* Material to process
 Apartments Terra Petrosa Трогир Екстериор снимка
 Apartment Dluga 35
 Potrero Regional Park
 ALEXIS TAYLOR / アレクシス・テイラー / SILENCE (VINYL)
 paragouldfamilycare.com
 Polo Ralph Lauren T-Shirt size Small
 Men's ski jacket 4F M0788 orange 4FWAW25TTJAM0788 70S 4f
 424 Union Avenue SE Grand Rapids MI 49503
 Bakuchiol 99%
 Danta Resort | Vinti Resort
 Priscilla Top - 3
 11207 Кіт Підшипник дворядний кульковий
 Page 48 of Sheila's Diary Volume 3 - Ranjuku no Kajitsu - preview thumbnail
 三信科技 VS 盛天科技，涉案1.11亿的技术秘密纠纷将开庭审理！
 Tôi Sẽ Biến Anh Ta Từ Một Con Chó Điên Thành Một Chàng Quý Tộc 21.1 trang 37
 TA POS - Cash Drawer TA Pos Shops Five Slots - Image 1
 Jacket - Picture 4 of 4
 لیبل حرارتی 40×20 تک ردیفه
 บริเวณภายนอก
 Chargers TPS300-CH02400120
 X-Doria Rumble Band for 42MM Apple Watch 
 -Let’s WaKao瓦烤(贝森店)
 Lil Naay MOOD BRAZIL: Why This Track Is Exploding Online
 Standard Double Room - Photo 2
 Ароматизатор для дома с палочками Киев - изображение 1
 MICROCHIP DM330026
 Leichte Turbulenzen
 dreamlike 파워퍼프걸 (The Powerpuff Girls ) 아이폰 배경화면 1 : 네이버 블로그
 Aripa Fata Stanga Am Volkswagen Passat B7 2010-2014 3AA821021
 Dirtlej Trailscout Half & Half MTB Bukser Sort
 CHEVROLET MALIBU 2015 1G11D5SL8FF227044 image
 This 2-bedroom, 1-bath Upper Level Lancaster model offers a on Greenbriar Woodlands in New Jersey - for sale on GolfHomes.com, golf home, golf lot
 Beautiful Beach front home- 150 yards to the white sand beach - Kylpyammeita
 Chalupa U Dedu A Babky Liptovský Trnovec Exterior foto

* Task directions
Count the lines of these entries that hold the string "home", and give only that number.

* Solution to the problem
2